▸ **Provided records**
━━━━

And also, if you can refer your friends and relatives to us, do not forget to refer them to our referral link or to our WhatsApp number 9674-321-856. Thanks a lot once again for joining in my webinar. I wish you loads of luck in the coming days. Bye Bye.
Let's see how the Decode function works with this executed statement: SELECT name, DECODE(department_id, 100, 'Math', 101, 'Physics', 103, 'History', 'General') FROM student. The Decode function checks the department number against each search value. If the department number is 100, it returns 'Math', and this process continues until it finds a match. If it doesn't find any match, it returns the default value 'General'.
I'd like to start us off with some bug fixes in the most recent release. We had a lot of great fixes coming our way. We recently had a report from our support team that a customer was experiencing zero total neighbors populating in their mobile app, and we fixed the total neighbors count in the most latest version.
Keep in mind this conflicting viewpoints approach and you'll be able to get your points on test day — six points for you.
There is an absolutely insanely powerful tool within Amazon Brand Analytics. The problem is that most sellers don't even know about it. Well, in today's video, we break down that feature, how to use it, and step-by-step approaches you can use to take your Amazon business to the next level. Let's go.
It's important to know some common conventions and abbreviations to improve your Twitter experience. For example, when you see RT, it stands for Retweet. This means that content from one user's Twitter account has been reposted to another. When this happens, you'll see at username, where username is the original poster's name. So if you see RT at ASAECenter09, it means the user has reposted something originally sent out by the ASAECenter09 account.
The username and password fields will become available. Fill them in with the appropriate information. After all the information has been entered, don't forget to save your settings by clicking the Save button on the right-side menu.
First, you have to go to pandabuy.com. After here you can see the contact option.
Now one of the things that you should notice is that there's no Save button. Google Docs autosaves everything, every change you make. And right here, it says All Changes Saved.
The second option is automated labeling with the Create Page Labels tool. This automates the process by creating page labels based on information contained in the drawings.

━━━━

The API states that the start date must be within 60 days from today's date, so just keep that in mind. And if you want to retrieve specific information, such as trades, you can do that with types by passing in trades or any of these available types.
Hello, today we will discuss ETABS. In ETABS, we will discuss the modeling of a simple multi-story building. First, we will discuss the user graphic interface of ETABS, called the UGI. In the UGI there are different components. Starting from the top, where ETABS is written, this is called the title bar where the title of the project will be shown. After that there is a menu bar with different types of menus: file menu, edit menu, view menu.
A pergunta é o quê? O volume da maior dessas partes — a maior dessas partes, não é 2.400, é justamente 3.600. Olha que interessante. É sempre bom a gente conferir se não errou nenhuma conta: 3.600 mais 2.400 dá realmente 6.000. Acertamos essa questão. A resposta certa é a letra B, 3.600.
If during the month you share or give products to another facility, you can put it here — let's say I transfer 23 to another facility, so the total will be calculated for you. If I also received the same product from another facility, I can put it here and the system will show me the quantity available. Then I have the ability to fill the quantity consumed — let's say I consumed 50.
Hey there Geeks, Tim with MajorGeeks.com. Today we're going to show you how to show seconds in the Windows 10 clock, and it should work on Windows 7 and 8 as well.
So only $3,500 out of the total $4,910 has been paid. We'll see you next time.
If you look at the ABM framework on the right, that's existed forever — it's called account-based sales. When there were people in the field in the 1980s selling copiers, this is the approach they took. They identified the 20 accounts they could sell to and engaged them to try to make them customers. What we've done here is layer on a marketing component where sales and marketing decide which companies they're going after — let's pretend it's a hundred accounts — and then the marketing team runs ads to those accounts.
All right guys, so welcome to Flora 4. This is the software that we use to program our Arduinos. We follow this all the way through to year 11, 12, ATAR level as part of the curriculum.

━━━━

Please give back, exactly as it stands above, the stretch from the line with "Now one of the" through the line with "The second option", and no line outside it.

▸ **Task output**
Now one of the things that you should notice is that there's no Save button. Google Docs autosaves everything, every change you make. And right here, it says All Changes Saved.
The second option is automated labeling with the Create Page Labels tool. This automates the process by creating page labels based on information contained in the drawings.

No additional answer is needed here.